Work poised to begin on another tunnel in Seattle

SPU photo/flickr [enlarge]
Crews will start tunneling operations in the next two weeks on an 8-foot-diameter conveyance pipe that will connect to a future 2.7-mile storage tunnel for holding combined sewer overflows.

Crews are expected to start digging by the end of the month on an 8-foot-diameter tunnel that will run under the Lake Washington Ship Canal to a future 2.7-mile storage tunnel along the canal. The smaller tunnel will run 647 feet between vertical drop shafts in Queen Anne and Fremont.

Inside the 8-foot-diameter casing will be a 42-inch-diameter conveyance pipe that will carry stormwater and sewage to the future storage tunnel during big storms. An 18-inch-diameter conveyance pipe will also be located within the casing. This smaller pipe will also carry stormwater and sewage to the storage tunnel, but during smaller storms. Using the smaller pipe during smaller storms is expected to alleviate low velocity flows — and the risk of sediment deposits — in the 42-inch-diameter pipe.

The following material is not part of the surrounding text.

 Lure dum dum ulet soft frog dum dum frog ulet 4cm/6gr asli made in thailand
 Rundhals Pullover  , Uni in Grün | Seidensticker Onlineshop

Seattle Public Utilities says the smaller tunnel will follow a continuous curve below the canal, dodging an existing tunnel holding SPU utility lines and another that moves wastewater for King County. The agency says the slightly more complex curved tunnel saved it from the expense of digging deeper or moving the tunnel's shaft sites off the public right of way, which would have impacted the community much more.

The smaller tunnel is part of the $570 million Ballard-to-Wallingford storage tunnel project that will reduce polluted stormwater and sewage that flow into the Ship Canal, Salmon Bay and Lake Union. SPU and King County Wastewater Treatment Division are leading the project, where the tunneling machine named MudHoney is building the main tunnel.

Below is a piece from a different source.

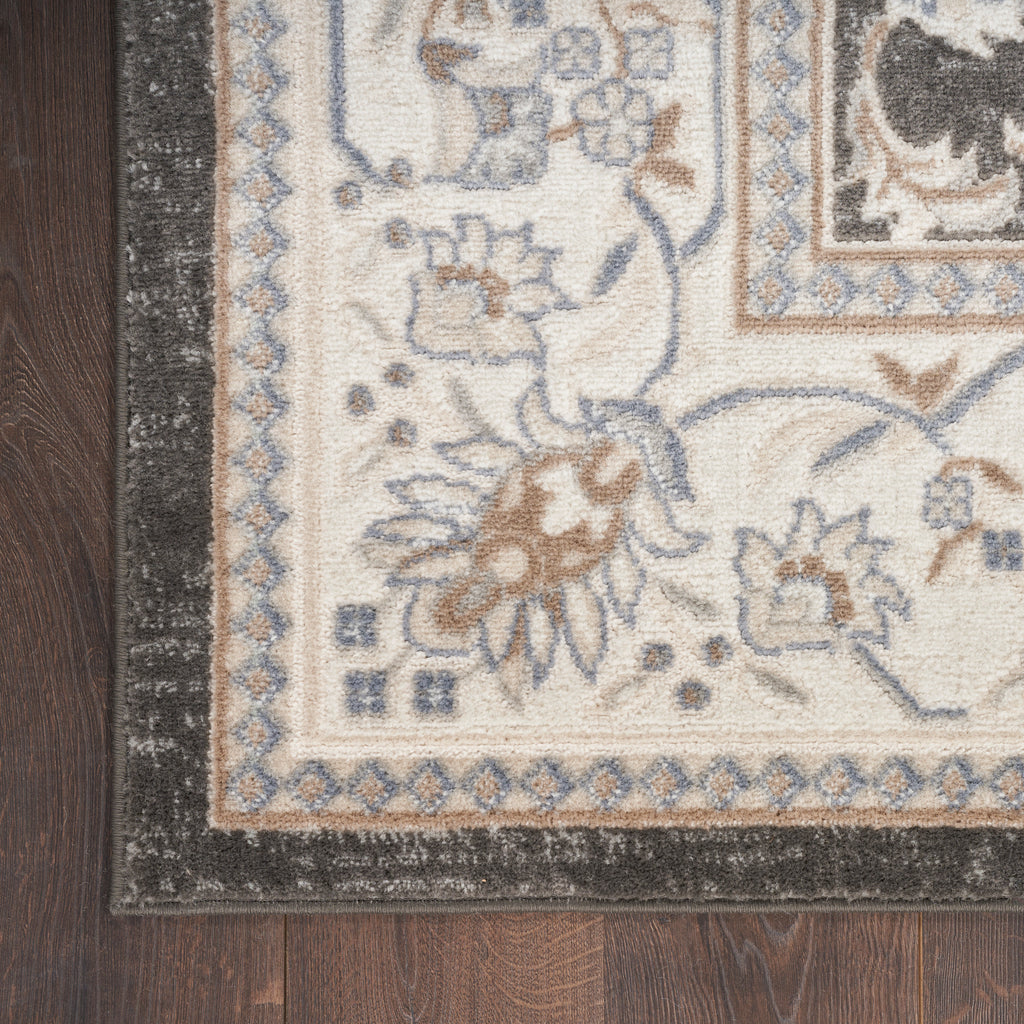 nourison serenity home srh02 ivory grey blue rug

MudHoney recently passed the halfway point for digging the nearly 19-foot-diameter main tunnel. As of last Thursday, the machine had tunneled 7,137 feet of its 13,946-foot path.

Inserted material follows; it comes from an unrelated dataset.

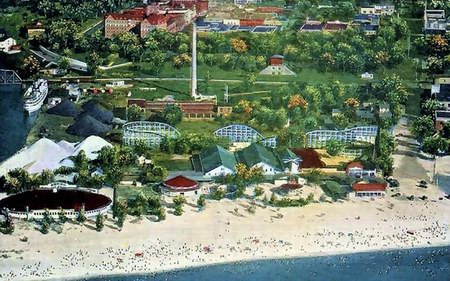 Silver Beach Amusement Park - Drawing (newer photo)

When operational in 2025, the ship canal tunnel will store up to 29.6 million gallons of combined sewer overflows during heavy storms that would otherwise make their way into local waters through seven outfalls. Those CSOs will be stored until they can be processed at the West Point Treatment Plant.

Lane Construction Co. is building the main tunnel and Jacobs is the construction management consultant. The rest of the team includes McMillen Jacobs Associates (no affiliation) of Seattle as design engineer for the storage tunnel and a pump station. Kennedy Jenks is the designer of the smaller conveyance pipeline. Northwest Boring Co. is building the smaller tunnel as a subcontractor to Lane.